Symphony No. 1 in f, "War"
III: fear, and IV: lamentation
I write this symphony towards two ends. First, it is a tribute to Dmitri Shostakovich, that great composer who did more than perhaps any other composer in recent memory to preserve and advance the symphony as a valid and meaningful musical form in a confused and troubled world. While it has long been known that many if not most of Shostakovich’s symphonies carry a political program, some scholars have lately come to the conclusion that many of his symphonies secretly protested the brutal excesses of the Soviet regime.

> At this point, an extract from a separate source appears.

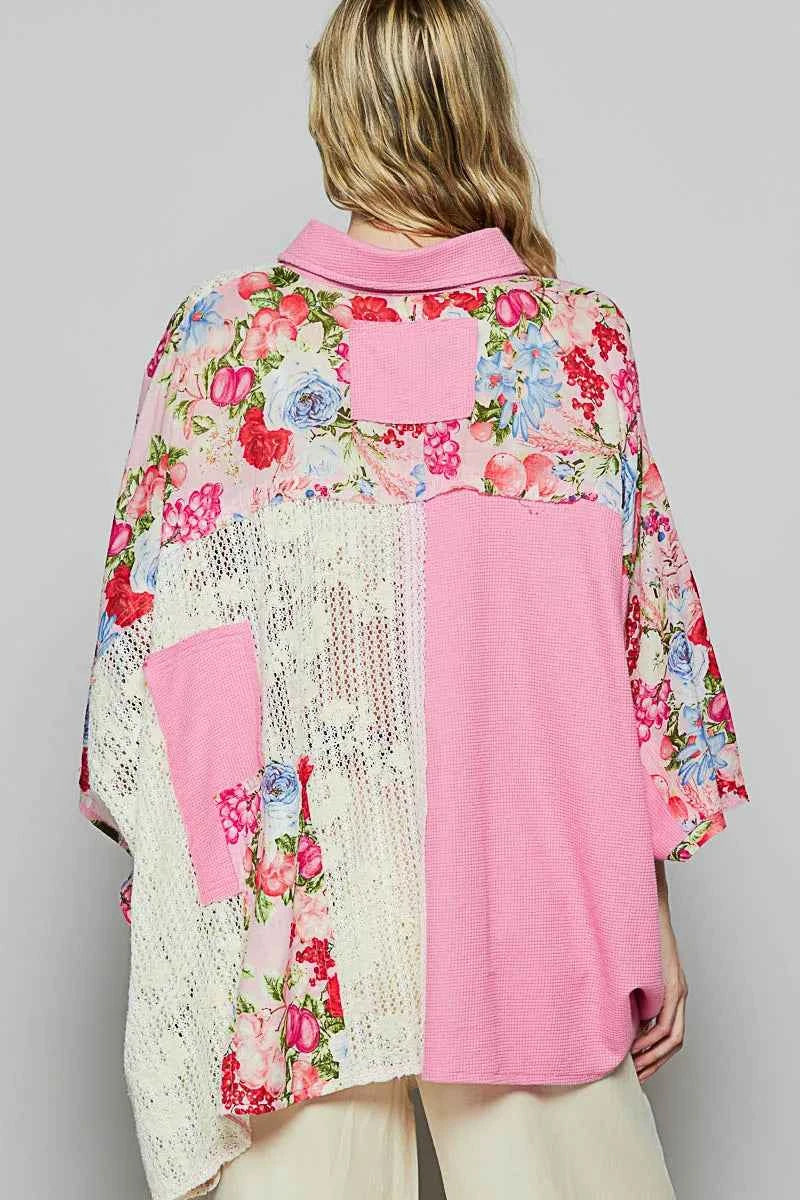 POL Thermal and Crochet Lace Mix Shirt with Floral Pattern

Second, in my naive youth I believed that against all hope I had lived to see a day when our world would no longer be greatly troubled by the mindless god war, but once again we witness the flower of our youth consumed by his insatiable appetite. Shostakovich was unable to openly decry the policies that allowed war into his world. I would now do for him what he could not. This symphony is both a tribute to him, and a lament to all those who have suffered that hideous fate of death in war’s senseless clutches, particularly those who laid down their life that others might live. I pray that one day we might conquer war itself, and I give my meager thanks to all that have fought to that end, both on the field of combat, and off it.
The program of this piece unfolds roughly as follows:
In the first movement, "threat," you hear first the theme I call the mourning theme. This is an inversion of that Baroque idea called the "lament bass." The mourning theme is interrupted several times by insistent brass calls, rather like the raucous voices of a brash youth. The interruptions become louder, and the mourning takes a troubled, frightened edge. After this introduction the brass and strings begin to unfold a theme meant to represent the people of our great nation going about their daily activities, and it is here that the narrative begins.

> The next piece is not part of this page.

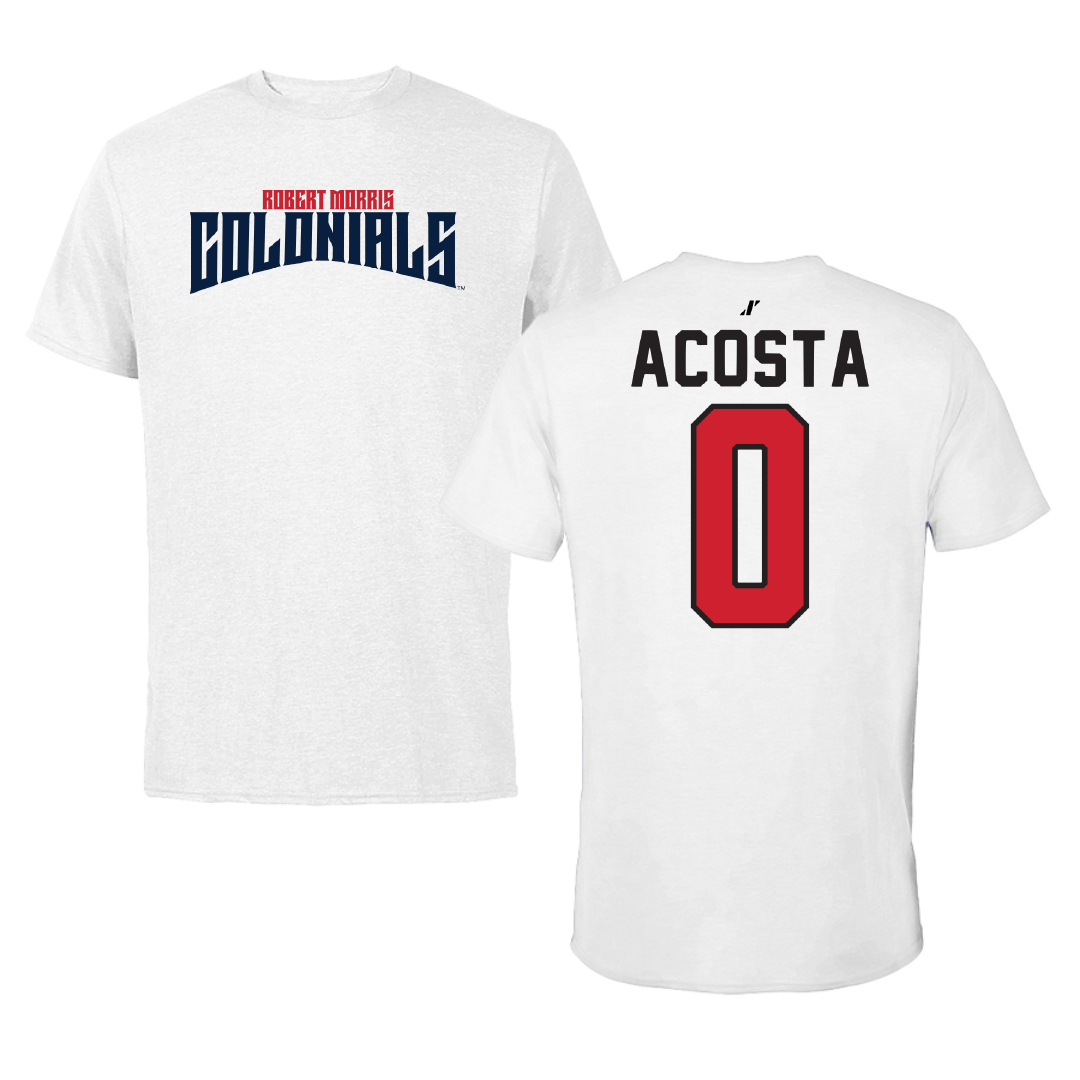 Robert Morris University Soccer White Classic Performance Tee - #0 Giancarlo Acosta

The pastoral of popular theme is taken up by the winds, and grows into the first conventionally melodic part of the work, one inspired by New England hymnody, but this melody too is interrupted by the militaristic brass fanfare, but where the fanfare was loud and insistent in the opening bars, it is now distant and muted. The winds continue with their melody, only to be interrupted again. After a third interruption the strings reenter with a new idea; a winding theme that is hesitant and concerned that I call the anxious theme. This theme unfolds as a quick fugato for a number of bars and begins to pick up elements of the introductory lament. It becomes a fast and compelling theme before it too is interrupted ominously, now by two great crashes on the bass drum.
The crash is followed by a moments silence before the brass enter quietly with a very soft rendition of the fanfare. The winds and strings begin to play the pastoral and anxious themes together and against one another, while below this an ominous drumbeat in the timpani begins to drown out all else. The brass and winds enter after the timpani reach a climax with a version of the fanfare now made bright and unified with the pastoral theme. For a time this theme contends with the drumbeat, as does the anxious them for a time, but eventually the fanfare, now united with the pastoral theme, carries the day. The atmosphere is now celebratory and enthusiastic. Only on the heels of this does the anxious theme return once more, sounding all the darker for the juxtaposition, and in the end it is drowned out beneath the drumbeat of war and the fanfare of popular zeal.
The second movement is a mournful contemplation on the pastoral theme. In the trio, the militaristic theme is seen as a buoyant melodic idea, rather like an Independence Day parade. All of this is supported by a martial tattoo in the percussion. After the color of the brass, the strings and winds return the score to a pensive mood, and it is in this dark remembrance that the slow movement finds its end.
The scherzo explores the ideas of the anxious them, but now distorted, and horribly frightened. The material is more broken and much faster, and the strings perform much of it in a scattered antiphonal pizzicato. The finale flows out of the scherzo without interruption, the intervening measures bridged by a rumbling drumroll in the timpani. In the finale all of the preceding ideas contend with one another, only to be submerged under the dark timpani drumbeat from the first movement. Out of this morass the opening lament rises slowly and almost imperceptibly. Now the lament is uninterrupted. Where it was quiet at first, it is now brazen, almost wailing. It shouts of the folly of war, and it comes to its end for the first and indeed only time, and with this insistent cadence in f the piece closes.
May we one day know an end to the terrible hatred and horrors of war. May war itself one day meet its end. May the terrible god be killed and purged from our psyche. And may we live at peace.